● Brief
All of the entries below should be returned verbatim, apart from the pictures.

⁂

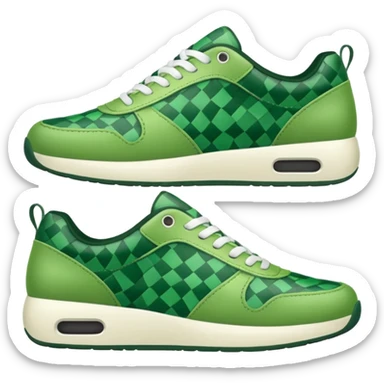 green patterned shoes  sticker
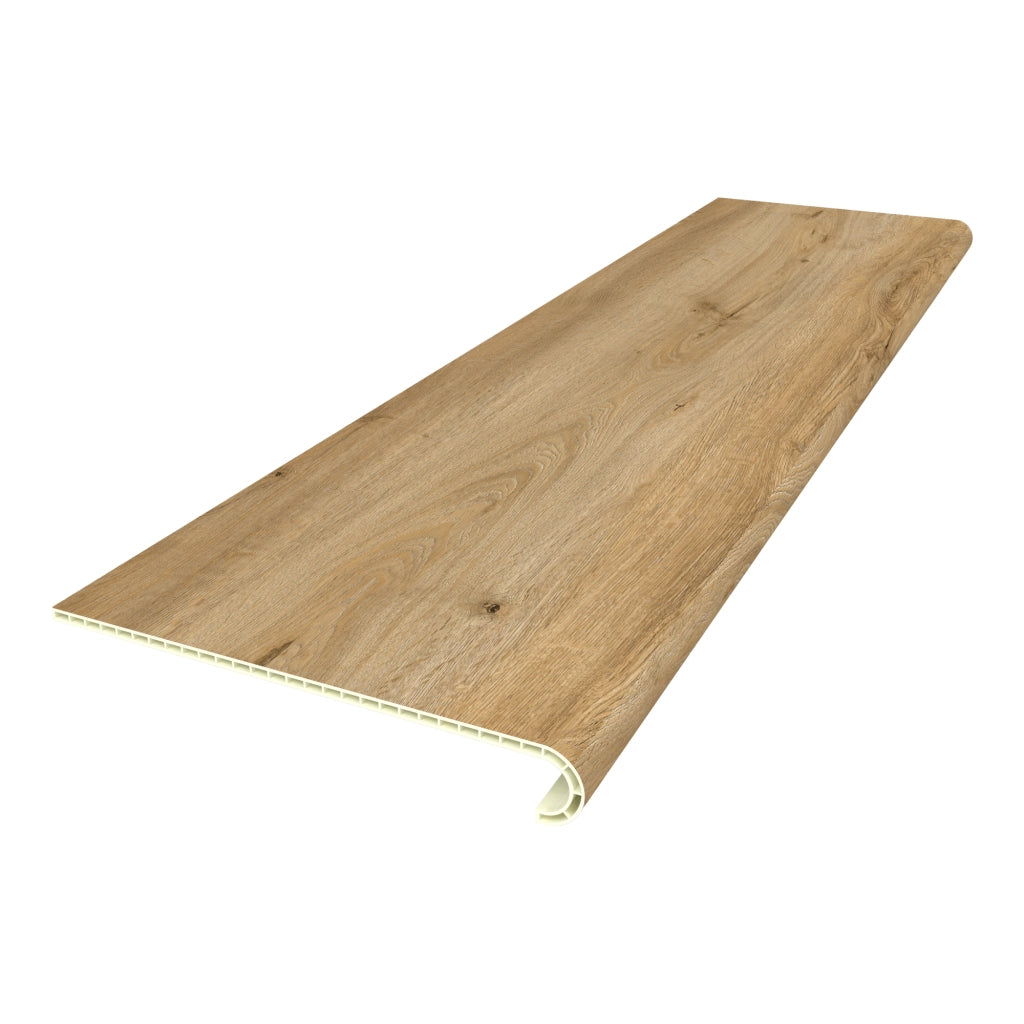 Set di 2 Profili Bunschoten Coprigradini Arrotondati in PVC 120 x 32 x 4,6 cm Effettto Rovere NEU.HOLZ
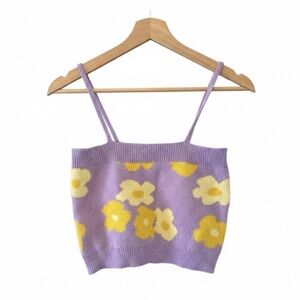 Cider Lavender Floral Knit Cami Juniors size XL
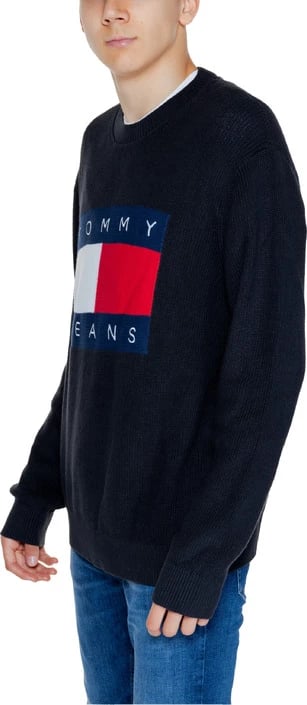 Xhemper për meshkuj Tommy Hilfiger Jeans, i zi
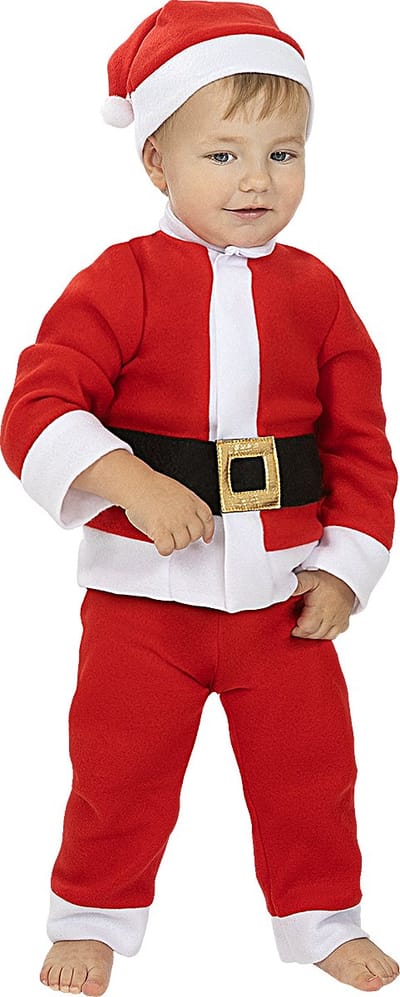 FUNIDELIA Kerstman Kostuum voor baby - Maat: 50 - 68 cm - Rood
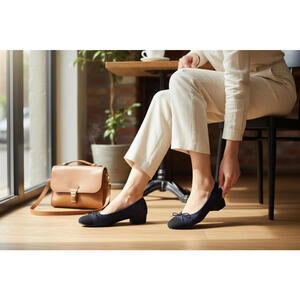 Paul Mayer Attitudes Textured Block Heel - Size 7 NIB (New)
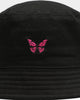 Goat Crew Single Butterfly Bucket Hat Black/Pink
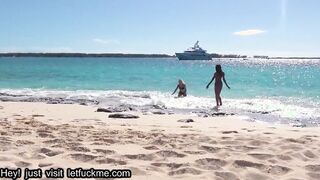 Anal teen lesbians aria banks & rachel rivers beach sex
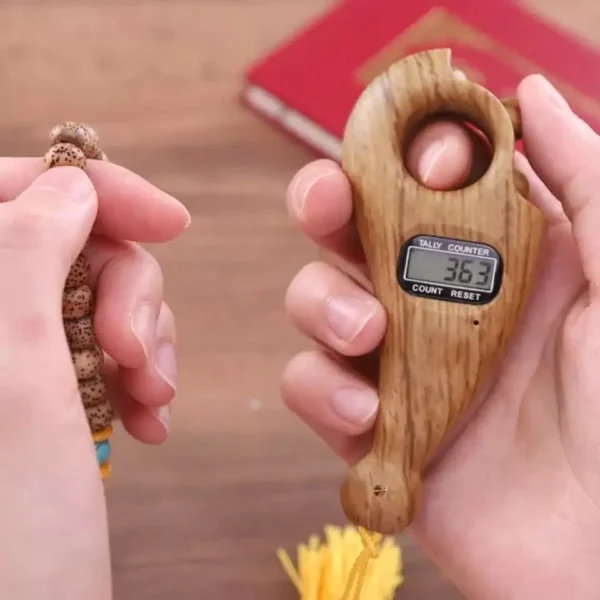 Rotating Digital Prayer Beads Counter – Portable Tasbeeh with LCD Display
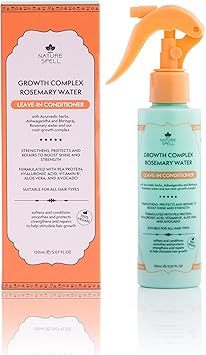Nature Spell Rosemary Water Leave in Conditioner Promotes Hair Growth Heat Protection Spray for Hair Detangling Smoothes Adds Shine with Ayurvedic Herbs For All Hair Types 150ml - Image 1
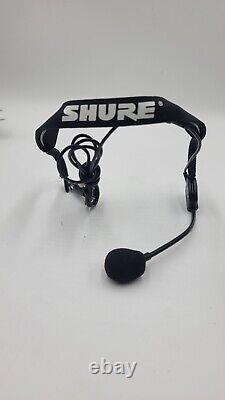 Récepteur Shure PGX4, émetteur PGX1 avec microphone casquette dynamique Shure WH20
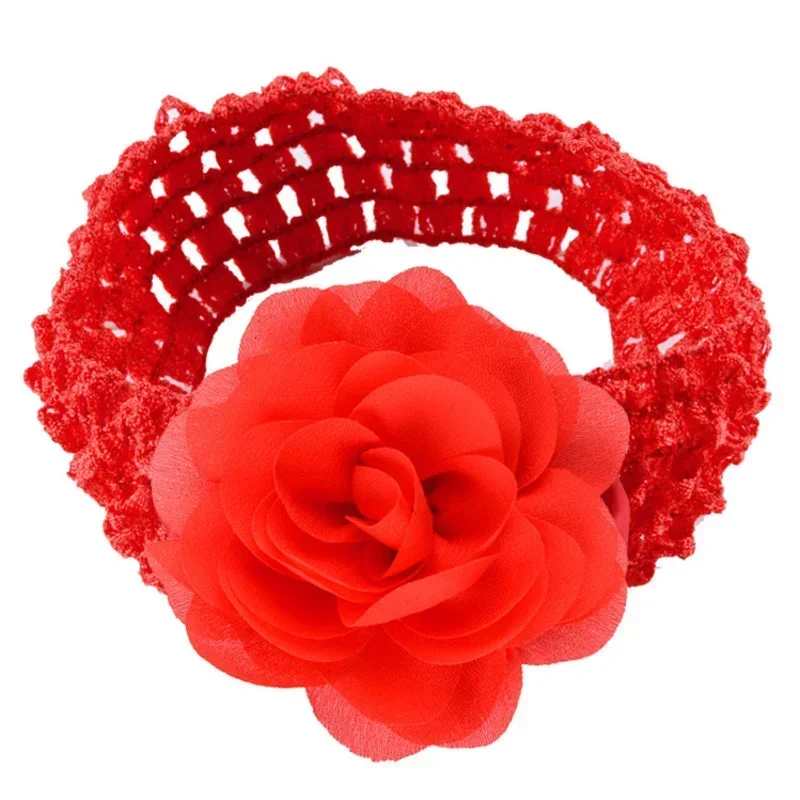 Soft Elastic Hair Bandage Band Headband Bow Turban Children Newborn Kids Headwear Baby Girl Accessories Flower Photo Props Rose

⁂

● Reply
 green patterned shoes  sticker
 Set di 2 Profili Bunschoten Coprigradini Arrotondati in PVC 120 x 32 x 4,6 cm Effettto Rovere NEU.HOLZ
 Cider Lavender Floral Knit Cami Juniors size XL
 Xhemper për meshkuj Tommy Hilfiger Jeans, i zi
 FUNIDELIA Kerstman Kostuum voor baby - Maat: 50 - 68 cm - Rood
 Paul Mayer Attitudes Textured Block Heel - Size 7 NIB (New)
 Goat Crew Single Butterfly Bucket Hat Black/Pink
 Anal teen lesbians aria banks & rachel rivers beach sex
 Rotating Digital Prayer Beads Counter – Portable Tasbeeh with LCD Display
Nature Spell Rosemary Water Leave in Conditioner Promotes Hair Growth Heat Protection Spray for Hair Detangling Smoothes Adds Shine with Ayurvedic Herbs For All Hair Types 150ml - Image 1
 Récepteur Shure PGX4, émetteur PGX1 avec microphone casquette dynamique Shure WH20
 Soft Elastic Hair Bandage Band Headband Bow Turban Children Newborn Kids Headwear Baby Girl Accessories Flower Photo Props Rose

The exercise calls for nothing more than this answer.